It’s a story as old as time. Girl starts blog. Girl listens to Radiohead on repeat for hours on end. Girl realizes that she spent her last creative neurons on Lib Dem apologetics and stares blankly at well intended but sparse blog. Honestly I think there’s simply too much to talk about. As soon as I leave the movie theater ready to review and provoke I find myself in a heated debate about the tragic state of the English parliament after which i’m finishing The Time Traveler’s Wife over decaf Chai and appreciating how much better Magnet’s cover of Lay Lady Lay is than Dylan’s original.
Thankfully, youtube can always be relied on to relieve creative stagnation and so I will begin by stirring up some old controversy. In March 2008, 8 teenagers, 6 of whom were girls lured an alleged friend into one of their homes so they could beat her senseless and then put the video on youtube and myspace. Apparently the victim had posted slanderous statements concerning the attackers on the social networking sight and thus obviously deserved to be beaten to an unrecognizable pulp. Their logic was a bit baffling to me but apparently being 21, according to my 16 year old sister, makes me completely unqualified to pass any sort of judgment on the troubled universe of her age group. Independent of age of course remains the mind-boggling stupidity it takes to sandwich a violent felony between fuzzy kittens and sushi tutorials for all to see. Not surprisingly, all 8 were arrested and tried for their 7 minutes of fame, leaving only a trail of talk show speculations as to why these things are happening more and more frequently. The primary culprits according to parents are of course youtube and the media with their morally neutralizing powers.

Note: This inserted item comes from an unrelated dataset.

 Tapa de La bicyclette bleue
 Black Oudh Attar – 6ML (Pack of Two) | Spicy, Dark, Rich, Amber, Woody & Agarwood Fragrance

Now I may of course be overstepping boundaries once again by declaring how fantastically ludicrous that is, but what the heck, I’m just going to go ahead and step on some toes. If eight 16 year olds trap a defenceless classmate in a room and go town on her skull it seems to me that there may be a little more to it than a misguided use and abuse of the internet. In fact, I’m going to tread a little farther on this perilous trail and say that there were in fact some parents involved that desperately failed at doing what God intended them to do…RAISE THEIR CHILDREN!!! That is, not just feed, clothe and occasionally get them to take the trash out, but actually teach them the difference between RIGHT and OH SO TERRIBLY WRONG. I am so sick and tired of switching on the TV and having to listen to yet another mother offer up her grain of salt concerning teenage violence. “It’s definitely Mortal Combat with all that killing. Oh yeah! And all those Slasher movies. No wonder kids are acting so aggressively towards one another”. Don’t get me wrong, I’m not particularly fond of excessive violence either but somewhere deep down I know that the reason I don’t slit people’s throats in broad daylight has a lot to do with who I am as a person and the values my parents instilled in me. Of course some kids are more sensitive than others and should not be left to point crossbows at armies of the undead, but that once again brings us back to the frequency only a parent or guardian can tune into. If you’re going let your kids play these kinds of games or watch those kinds of movies, have the good sense to observe your offspring and intervene when necessary.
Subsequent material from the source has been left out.